Therefore, the speed of the piston, rod, and airflow are important aspects to measure and control during a process. Fast moving rods are impractical to measure, which is why air flow controller systems are used in many air cylinder designs. These mechanisms are usually installed in the air lines located between the valve and the cylinder. Oftentimes, these systems are installed in the cylinder port and also in the exhaust port. However, setting up the flow control mechanism in the exhaust port is not always a necessity.
While introducing an airflow controller system within a cylinder, it is important to notice the cylinder control reaction time. This majorly depends on the distance of the flow control system from the cylinder.
Another way to control the airflow is using needle valves. These valves regulate the flow of air inside and outside the cylinder. This trick can reduce the air flow significantly; however, air flow in either direction could create a problem in the heat or energy transfer of your process equipment.
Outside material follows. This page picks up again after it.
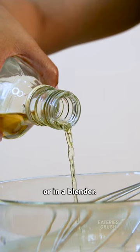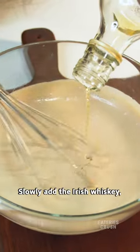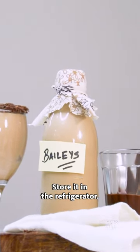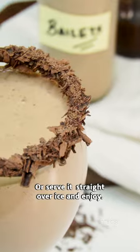Mix it well using a balloon whisk or in a blender. Slowly add the Irish whiskey, giving it a gentle stir, and our homemade Irish cream is ready. Store it in the refrigerator or serve it straight over ice and enjoy.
Cylinder flow control systems, which look similar to a needle valve, include a needle bypass. This needle bypass enables the air to pass through the needle that finally controls the airflow.
The free flow of compressed air that passes through a cylinder’s flow control system allows the cylinder to have a full and desired supply of air. However, you will need to make sure that the flow control system has been installed properly. The system also ensures that the outflow of the air is also controlled to the necessary level, which ultimately helps achieve the desired cylinder speed.
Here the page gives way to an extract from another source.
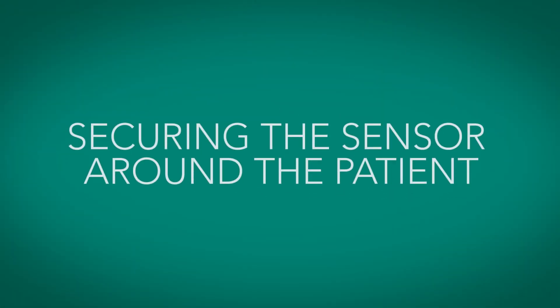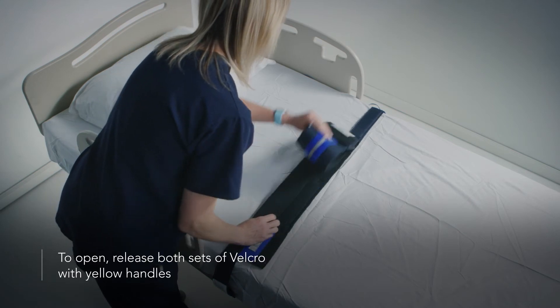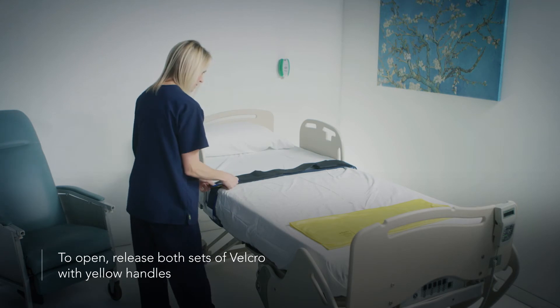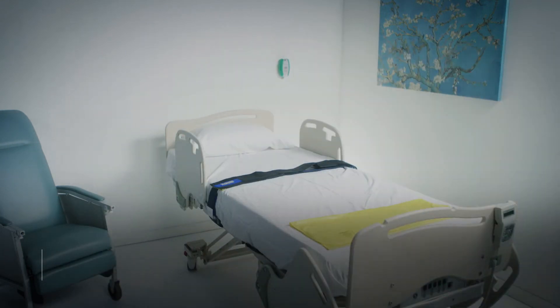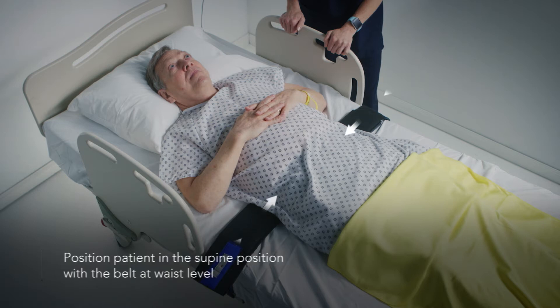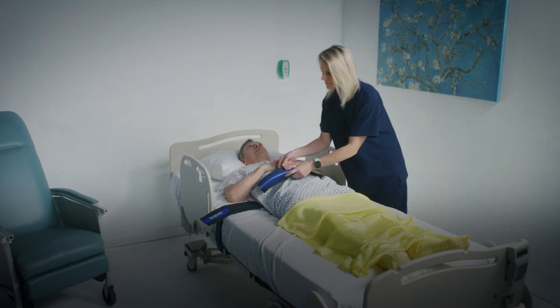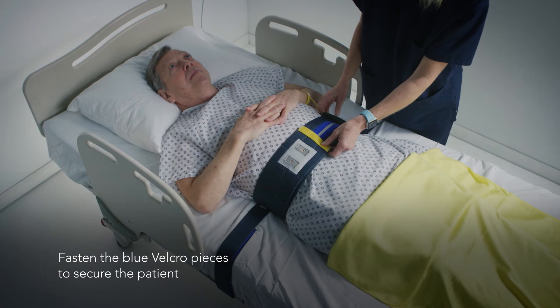Now we'll review how to secure the sensor around the patient. To open, release both sets of velcro with the yellow handles. Position the patient in the supine or face-up position on the center of the bed with the belt at waist level. The patient's garments should cover the skin to avoid direct contact with the device. Secure the belt around the patient by fastening the blue velcro pieces. The belt should fall just above the hips or at the narrowest part of the waist, and should be snug but not cause any discomfort to the patient.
If there is a need to introduce a second airflow control system, then also, the system will perform the same job.
Flow control systems control the airflow in and out of a cylinder port, and provide smooth and well-controlled movements of the cylinder piston. The smoother the piston movement, the more controlled your process equipment will perform. Without a throttling system, a piston moves at a very fast speed, uncontrollably. When a flow control system is hosted in the exhaust flow, it puts an end to the unregulated movement of the piston. In fact, the piston starts moving at the controlled and programmed rate. If you want this system to be installed in your process equipment’s compressed air unit, you will need to ensure that it has been installed correctly.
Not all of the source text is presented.